:: DATA EXTRACT

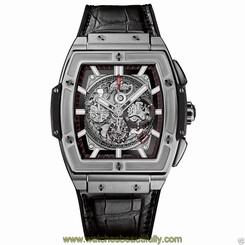 Hublot Spirit Of Big Bang Chronograph 601.nx.0173.lr Titanium NEW Ret: $24,000
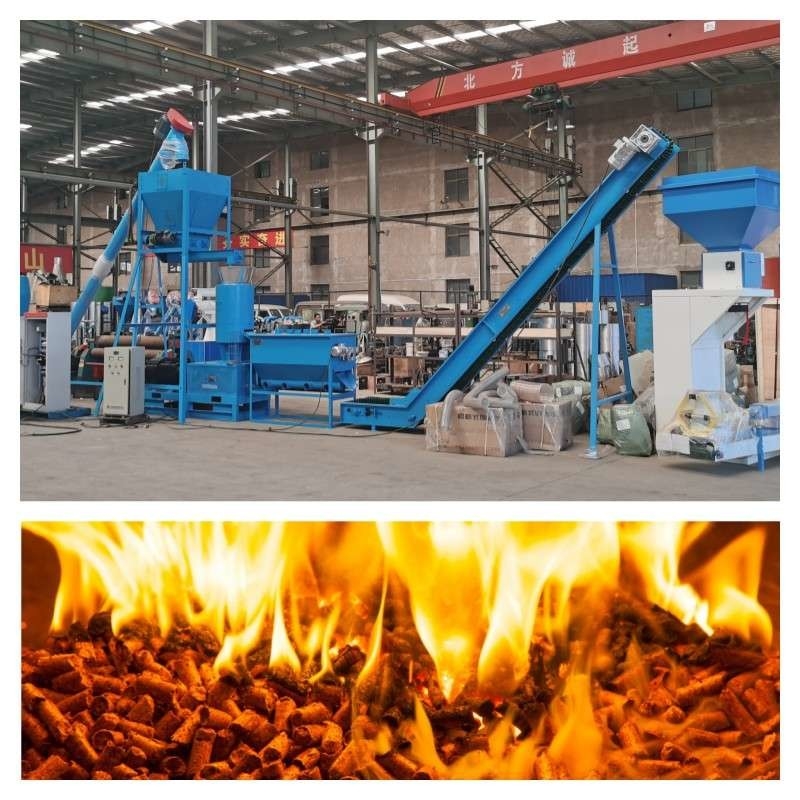alta densità di legno della macchina della pallina dello spreco di Chip Pellet Machine 1-2tph di legno di 6-12mm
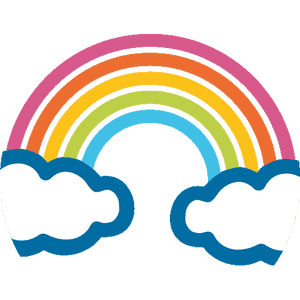 The rainbow emoji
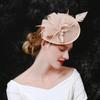 Elegant Feathers Fascinator Hat Exquisite Bride Headdress Tea Party Mesh Hair Band  Photography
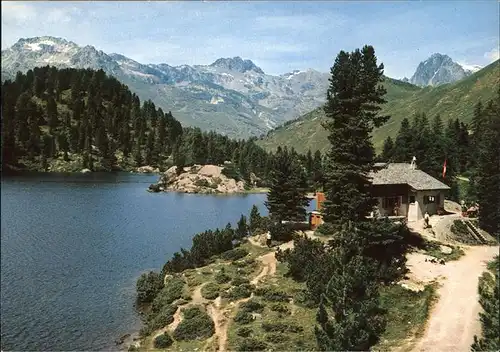 Maloja GR Lago di Cavloccia / Maloja Graubuenden /Bz. Maloja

::::

> [WHAT IS EXPECTED]: All of the entries above are to be duplicated exactly, with every image left out.

> [RESULT OF THE EXERCISE]:
 Hublot Spirit Of Big Bang Chronograph 601.nx.0173.lr Titanium NEW Ret: $24,000
alta densità di legno della macchina della pallina dello spreco di Chip Pellet Machine 1-2tph di legno di 6-12mm
 The rainbow emoji
 Elegant Feathers Fascinator Hat Exquisite Bride Headdress Tea Party Mesh Hair Band  Photography
 Maloja GR Lago di Cavloccia / Maloja Graubuenden /Bz. Maloja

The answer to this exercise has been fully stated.